Start of Material for the task

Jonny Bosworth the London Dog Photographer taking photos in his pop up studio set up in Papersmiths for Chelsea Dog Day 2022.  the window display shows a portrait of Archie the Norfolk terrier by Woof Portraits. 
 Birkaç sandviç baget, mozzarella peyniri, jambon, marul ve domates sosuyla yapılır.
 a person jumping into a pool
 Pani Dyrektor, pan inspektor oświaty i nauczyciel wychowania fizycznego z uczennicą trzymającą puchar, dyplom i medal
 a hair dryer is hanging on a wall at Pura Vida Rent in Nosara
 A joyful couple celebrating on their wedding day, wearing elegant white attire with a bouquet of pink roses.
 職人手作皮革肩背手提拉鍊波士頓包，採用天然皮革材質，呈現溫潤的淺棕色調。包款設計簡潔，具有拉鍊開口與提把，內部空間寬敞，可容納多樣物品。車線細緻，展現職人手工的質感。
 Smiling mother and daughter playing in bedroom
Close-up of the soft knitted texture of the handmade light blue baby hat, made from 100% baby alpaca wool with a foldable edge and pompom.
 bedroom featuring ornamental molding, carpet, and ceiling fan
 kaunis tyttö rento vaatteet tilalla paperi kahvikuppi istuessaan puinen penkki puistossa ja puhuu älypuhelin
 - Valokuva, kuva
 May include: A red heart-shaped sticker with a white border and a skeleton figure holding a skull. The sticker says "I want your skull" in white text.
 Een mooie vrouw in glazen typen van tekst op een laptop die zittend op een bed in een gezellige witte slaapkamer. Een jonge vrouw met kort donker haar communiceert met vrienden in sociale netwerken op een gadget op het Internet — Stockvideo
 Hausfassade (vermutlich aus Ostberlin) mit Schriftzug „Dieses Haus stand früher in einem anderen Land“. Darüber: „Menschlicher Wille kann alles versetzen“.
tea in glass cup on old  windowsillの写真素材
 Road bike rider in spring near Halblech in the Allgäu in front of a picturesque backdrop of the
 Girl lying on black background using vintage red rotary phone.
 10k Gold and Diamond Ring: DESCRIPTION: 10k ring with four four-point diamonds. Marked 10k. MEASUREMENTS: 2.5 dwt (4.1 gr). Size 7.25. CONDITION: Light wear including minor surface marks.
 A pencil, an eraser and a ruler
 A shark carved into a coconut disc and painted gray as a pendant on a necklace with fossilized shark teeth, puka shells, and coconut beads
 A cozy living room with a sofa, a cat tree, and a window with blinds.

End of Material for the task

## Activity:
Return, exactly, the lines from the first line of the records above to the line containing "May include: A", both included.

## Problem solution:
Jonny Bosworth the London Dog Photographer taking photos in his pop up studio set up in Papersmiths for Chelsea Dog Day 2022.  the window display shows a portrait of Archie the Norfolk terrier by Woof Portraits. 
 Birkaç sandviç baget, mozzarella peyniri, jambon, marul ve domates sosuyla yapılır.
 a person jumping into a pool
 Pani Dyrektor, pan inspektor oświaty i nauczyciel wychowania fizycznego z uczennicą trzymającą puchar, dyplom i medal
 a hair dryer is hanging on a wall at Pura Vida Rent in Nosara
 A joyful couple celebrating on their wedding day, wearing elegant white attire with a bouquet of pink roses.
 職人手作皮革肩背手提拉鍊波士頓包，採用天然皮革材質，呈現溫潤的淺棕色調。包款設計簡潔，具有拉鍊開口與提把，內部空間寬敞，可容納多樣物品。車線細緻，展現職人手工的質感。
 Smiling mother and daughter playing in bedroom
Close-up of the soft knitted texture of the handmade light blue baby hat, made from 100% baby alpaca wool with a foldable edge and pompom.
 bedroom featuring ornamental molding, carpet, and ceiling fan
 kaunis tyttö rento vaatteet tilalla paperi kahvikuppi istuessaan puinen penkki puistossa ja puhuu älypuhelin
 - Valokuva, kuva
 May include: A red heart-shaped sticker with a white border and a skeleton figure holding a skull. The sticker says "I want your skull" in white text.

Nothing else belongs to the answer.